By Sunday, the difference was striking. Suddenly I had energy, I could think far more clearly, and my muscles didn’t ache from doing the smallest activity. Now, I’m well aware that I’m writing this from the early days of this most recent experiment, knowing that past treatments have helped for a short while before whatever underlying cause (viral persistence? microclots? post-viral damage?) overrules that latest surge of hope and my body shifts back to its new baseline. Still, perhaps there’s a way to be grateful for this turn. So much of living lately has been reduced to a day-to-day basis, which is all any of us ever really have anyway.

Even though I may return to this post in the weeks to come and roll my eyes at the grasping wish radiating through these lines, it feels worth documenting because of the Hiss show. Last night, amid this incredible surge of hallelujah anyhow, I went out to see Taylor play. In the lead-up, I’d been trying to conserve my energy because concerts have become a hit-or-miss experience for me. Yet, as soon as I woke up on Sunday, I felt the difference. It was like coming home to the person I’d been before all of this started. Goodness, I had missed her.

Not only did I have the energy to go, but the desire as well (the mental part of physical malaise being its own minefield), so went I did. I hung out near the back of the room, away from the crowd and wearing a mask, and hoped I could handle standing for at least a few songs before I’d probably needed to head home. It turns out, I didn’t need to set that limit. Once Hiss started up, I was transported beyond the worry of constantly monitoring my body.

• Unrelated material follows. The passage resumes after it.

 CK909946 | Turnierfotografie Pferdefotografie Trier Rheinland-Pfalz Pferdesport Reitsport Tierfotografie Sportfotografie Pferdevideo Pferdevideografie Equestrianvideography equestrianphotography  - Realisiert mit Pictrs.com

Perhaps it was the music’s sheer familiarity—I’ve been listening to Hiss since 2015 and his sound has long been a tunnel toward brighter things—or perhaps I’d tapped into another wheel, the wheel of time, since it was just over a year and a half ago that I’d last seen him, albeit as a DJ spinning dub records at a new-ish bar in Durham, North Carolina. Whatever the reason, I stood there last night, tracing the line between then and now, and felt the wheel turn.

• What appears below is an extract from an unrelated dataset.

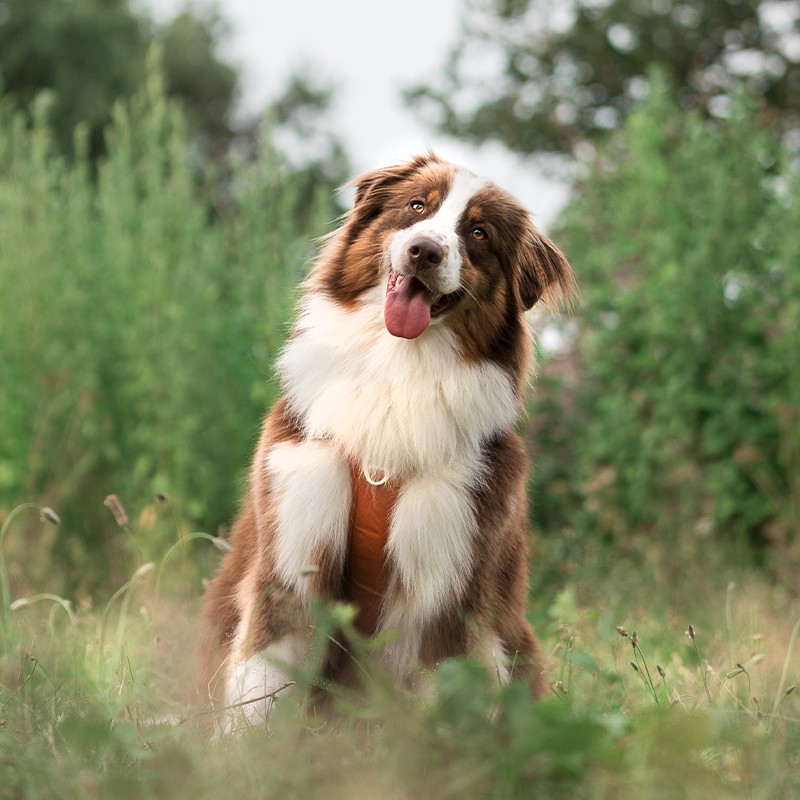 Harnais chien Comfort Walk Pro avec poignée - DOG COPENHAGEN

At the show, Taylor played a range of songs—many from his new album, but a few deeper cuts as well, including “Red Rose Nantahala” off his quietly evocative 2013 album Haw. The song describes the spiritual or universal forces keeping anyone from inhabiting the fullness of their being in all its loving possibility. On the chorus, Taylor sings in a kind of droning intonation, “Oh lord, let me be happy, be happy,” with the drums riding the cymbals in a marching step. As I stood at the back of the venue, feeling connected in the most surprising way to my body and its sudden, startling energy—an energy and wellness I truly had not felt in over a year—I held my hand to my heart and, like a prayer, sang along.